Computational Analysis of effects of Allelochemicals of Bidens Pilosa L. and Mikania micrantha Kunth Targeting GA and ABA Receptors in Maize and Common Bean
Computational Analysis of effects of Allelochemicals of Bidens Pilosa L. and Mikania micrantha Kunth Targeting GA and ABA Receptors in Maize and Common Bean
- Author(s) Hmingremhlua Sailo, Florence Remruatdiki, Lalfakawma and P.C. Vanlalhluna
- Year: 2026
- Month: May
- Volume: 68
- Pages: 25-46
We investigated the allelopathic effects of Bidens pilosa L. and Mikania micrantha Kunth. on
the germination and early seedling growth of Zea mays L. (Maize) and Phaseolus vulgaris L.
(Common bean). It integrates laboratory bioassay data with In silico analyses to elucidate how
specific allelochemicals may interfere with the regulatory pathways of the GID1 and PYL9 genes,
which play crucial roles in controlling seed germination.

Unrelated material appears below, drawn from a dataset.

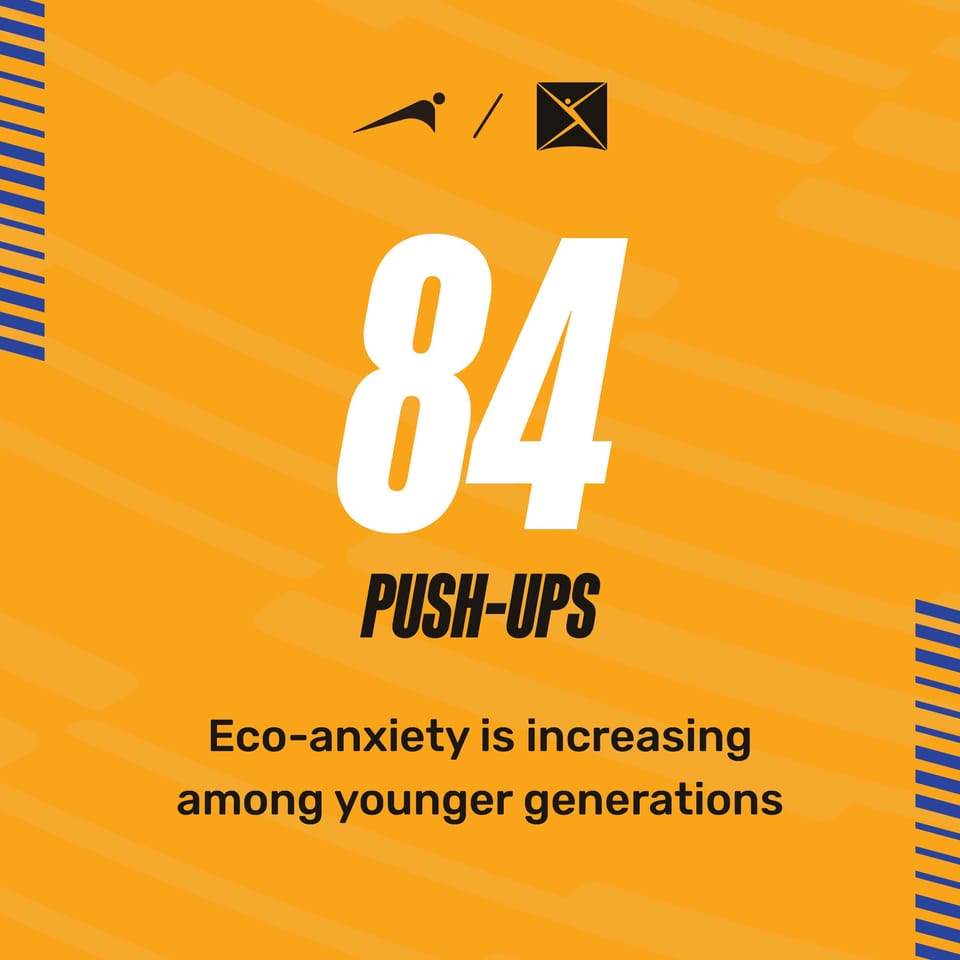 The Push-Up Challenge - Day Nine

Aqueous leaf extracts (2 %, 4 %, 6 %) were
assessed under controlled conditions and significant phytochemicals were characterised using
SwissADME, molecular docking, molecular dynamics (MD) and gmx_MMPBSA free-energy
analysis. Both species showed concentration-dependent inhibition but M. micrantha was more
phytotoxic. Z. mays germination decreased to 35 % at a 6 % extract concentration, than 90% in
control. SwissADME analysis indicated that highly lipophilic sesquiterpenes (logP ≈ 4–5; TPSA <
30 Ų) enhanced the membrane permeability, suggesting their potential as allelopathic agents. The
docking results also showed strong binding of key compounds (Luteolin, apigenin, caryophyllene,
cedrene and quercetin) to the ABA receptor (PYL2) and GA receptor (GID1), with affinities from -
8.0 to -10.1 kcal/mol. MD simulations confirmed stable ligand-receptor interactions for over 100 ns,
while gmx_MMPBSA analysis showed consistently favourable binding energies (-15 to -30
kcal/mol), confirming their capacity to disrupt hormonal signalling. This comprehensive approach
showed that the allelopathic effects of B. pilosa and M. micrantha resulted from synergistic
interactions between flavonoids and sesquiterpenes that disrupt ABA and GA mediated germination
pathways. These findings suggested the potential of allelochemicals as natural candidates for
sustainable weed management techniques.